Figure 3. Blood flow velocity in the LA models acquired in a representative patient: in the first column we show the model with the left atrial appendage (LAA), in the second column the model after the occlusion with the device based on the pacifier principle and, in the third column, the model after the occlusion with the device based on the plug principle. First row refers to the beginning of ventricular diastole, second row to the atrial systole and the third row to the end of atrial systole.
In Table 1 the peak and average velocities at the MV and at the PVs are reported for all patients.
Table 1. Peak and average blood velocities at the mitral valve (MV) and pulmonary veins (PVs) in pre- and post-left atrial appendage occlusion (LAAO) simulations.
Based on clinical literature (39) the mitral inflow velocity measured by echo Doppler in AF patients resulted in mean peak velocities between 0.8 and 1.3 m/s. These values are comparable with the maximum velocity values at MV in our simulations which range between 0.72 and 1.2 m/s (Table 1).

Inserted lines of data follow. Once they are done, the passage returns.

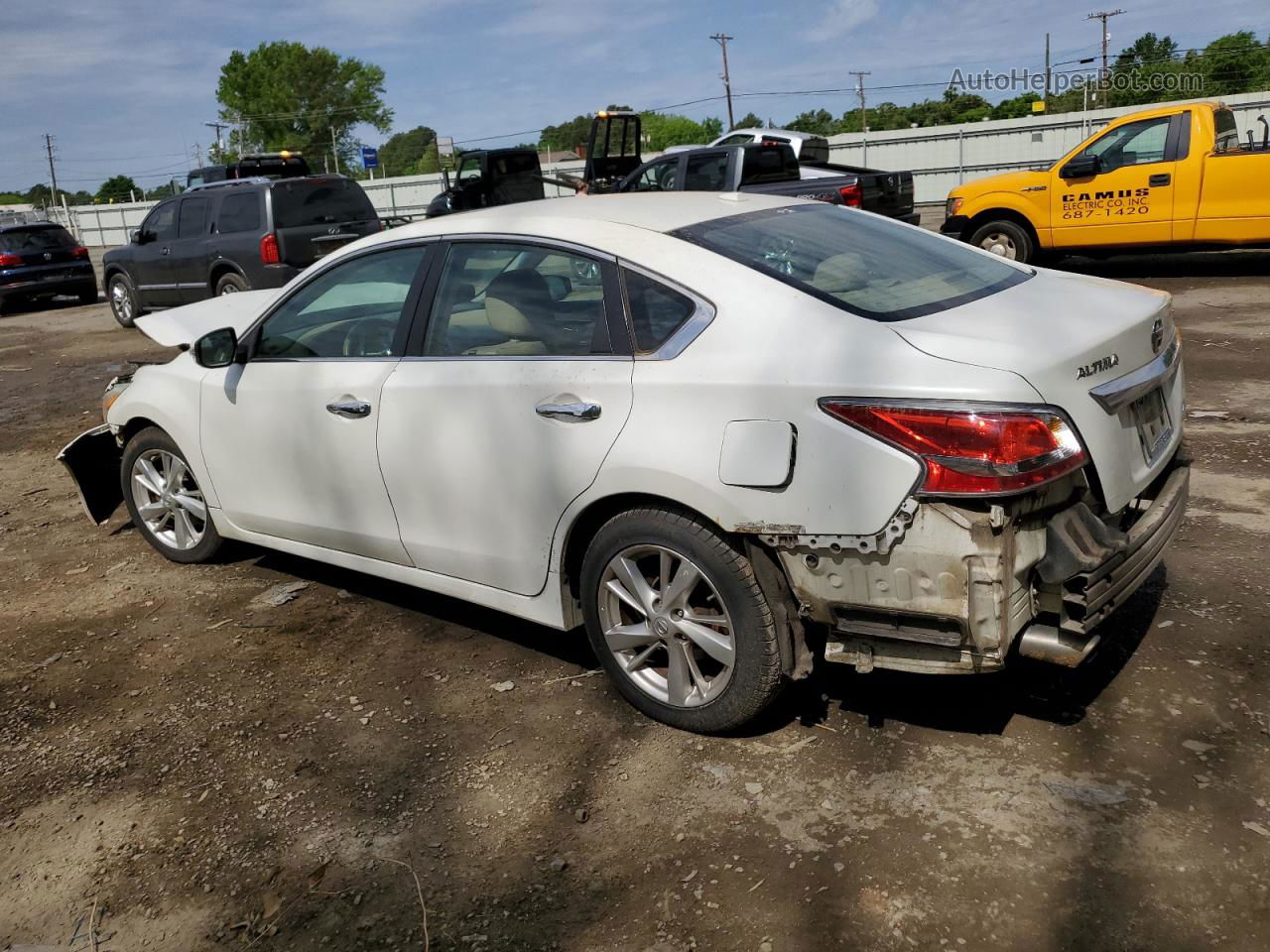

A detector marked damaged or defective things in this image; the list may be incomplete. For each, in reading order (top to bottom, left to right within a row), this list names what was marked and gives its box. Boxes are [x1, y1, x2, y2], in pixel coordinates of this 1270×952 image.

detached front bumper piece [57, 426, 122, 525]
damaged rear bumper [57, 426, 122, 525]
damaged rear bumper [767, 454, 1194, 680]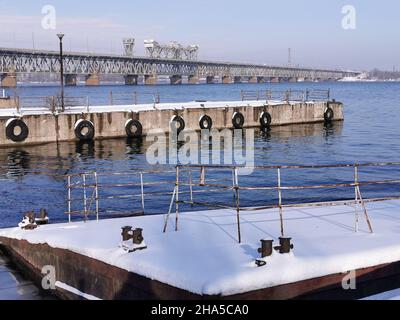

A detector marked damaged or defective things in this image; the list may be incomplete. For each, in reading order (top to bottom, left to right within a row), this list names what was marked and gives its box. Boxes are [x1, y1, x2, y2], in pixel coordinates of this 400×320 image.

rusty bollard [276, 236, 294, 254]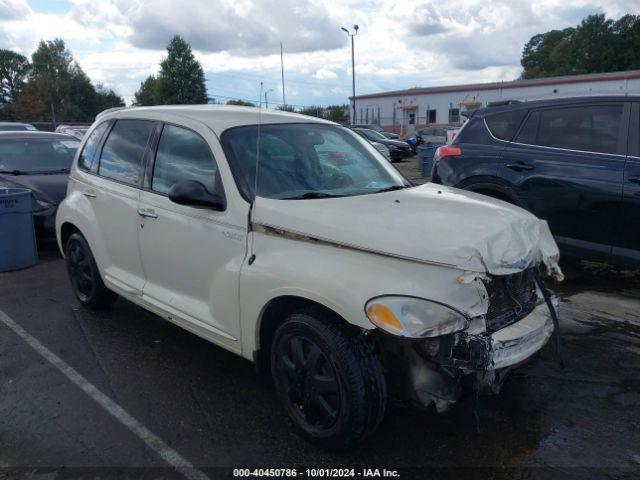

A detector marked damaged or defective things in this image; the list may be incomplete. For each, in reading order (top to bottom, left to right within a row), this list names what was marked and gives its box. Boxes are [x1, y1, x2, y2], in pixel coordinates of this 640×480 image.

damaged white car [57, 105, 564, 450]
dented hood [252, 184, 564, 282]
exposed headlight assembly [368, 296, 468, 338]
broken headlight [368, 294, 468, 340]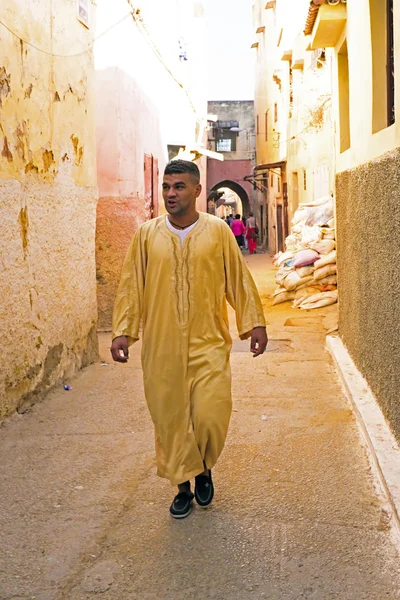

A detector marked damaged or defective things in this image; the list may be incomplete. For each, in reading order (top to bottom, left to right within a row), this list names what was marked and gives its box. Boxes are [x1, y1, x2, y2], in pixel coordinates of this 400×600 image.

cracked plaster wall [0, 0, 99, 420]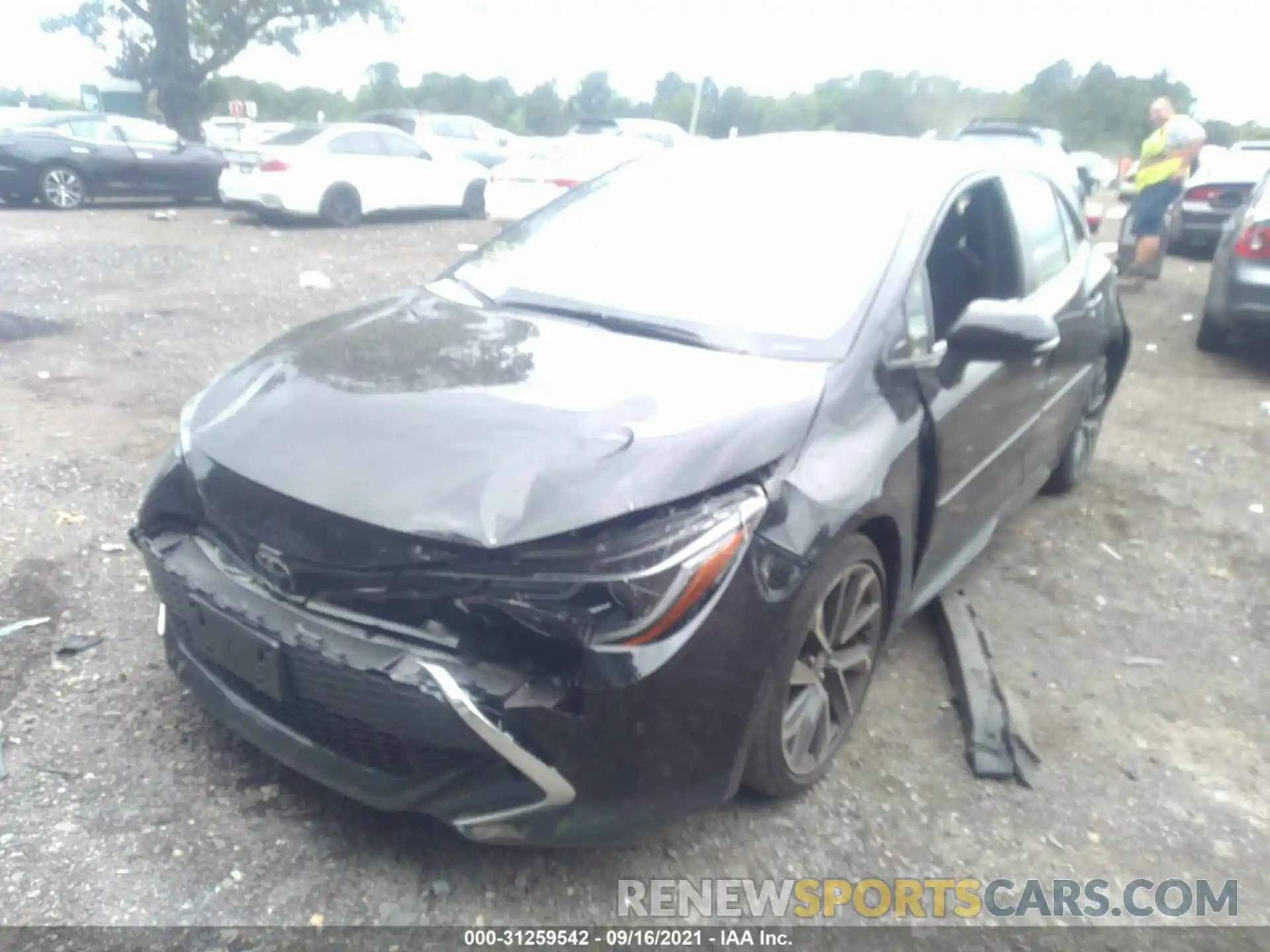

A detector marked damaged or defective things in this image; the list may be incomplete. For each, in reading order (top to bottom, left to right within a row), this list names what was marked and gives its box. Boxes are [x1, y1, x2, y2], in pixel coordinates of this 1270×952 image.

broken front bumper [131, 530, 782, 848]
crumpled hood [184, 290, 827, 548]
cracked headlight [457, 487, 772, 654]
black damaged hatchback car [134, 130, 1132, 848]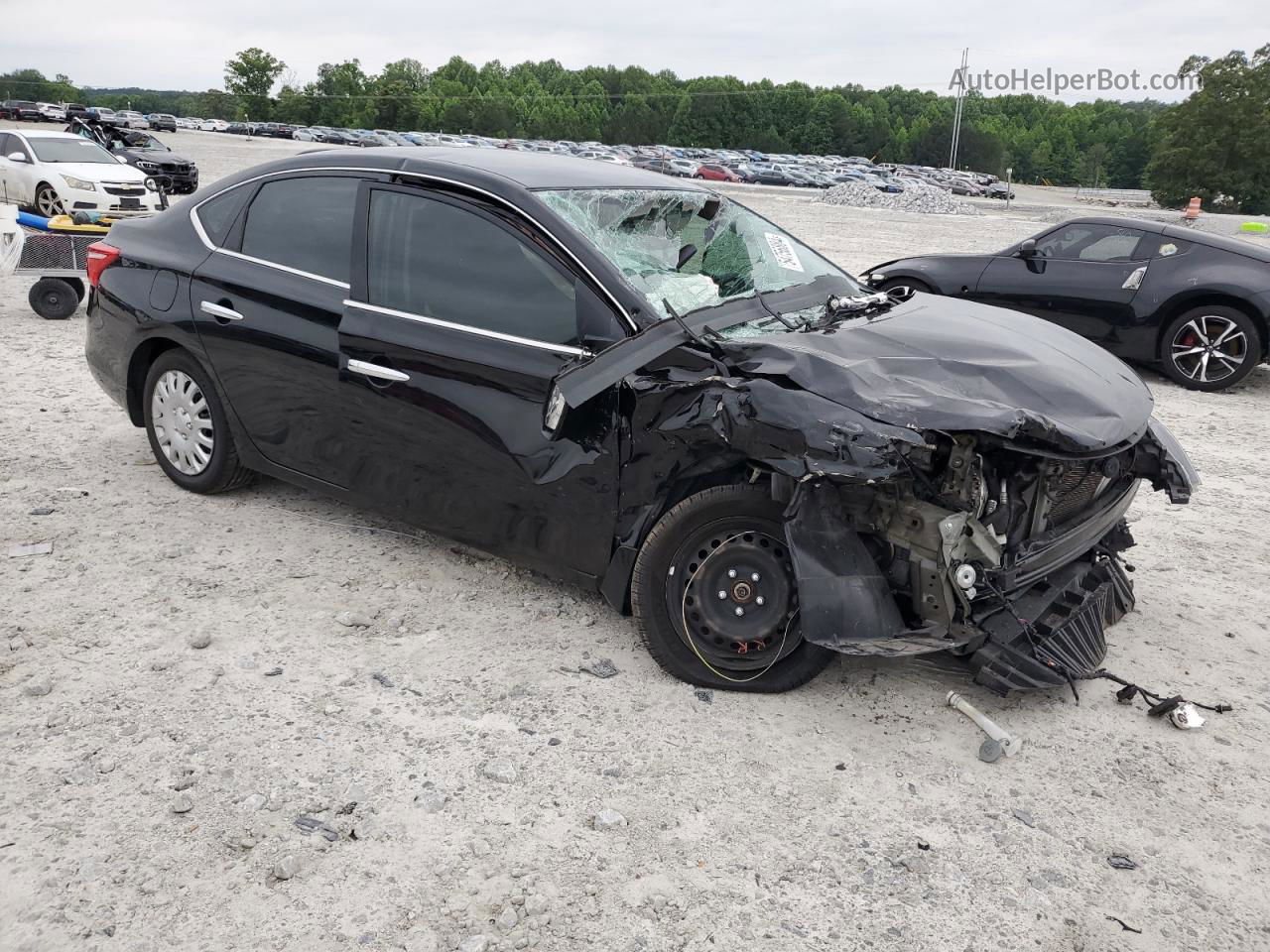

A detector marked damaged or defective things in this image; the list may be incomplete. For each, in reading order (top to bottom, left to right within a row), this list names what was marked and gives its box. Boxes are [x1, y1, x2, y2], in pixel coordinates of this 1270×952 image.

Blood flow velocities in the volume near the surface of the implanted device at the beginning of ventricular diastole (first row), during atrial systole (second row) and at the end of atrial systole (third row) are shown in Figure 4, post-occlusion with the “pacifier” device (first column) and with the “plug” device (second column). At the beginning of ventricular diastole with both devices, velocities pointed toward the MV; higher velocities and a more homogeneous flow was noticed with the “plug” device. During atrial systole velocities distribution caused by the contraction was more organized pointing toward the MV but with lower velocities; with the “pacifier” device the flow pointed toward the closure, making the outflow flow at the MV less effective. At the end of atrial systole, the flow at the closure was very organized with both devices but with higher velocities with the “plug” device.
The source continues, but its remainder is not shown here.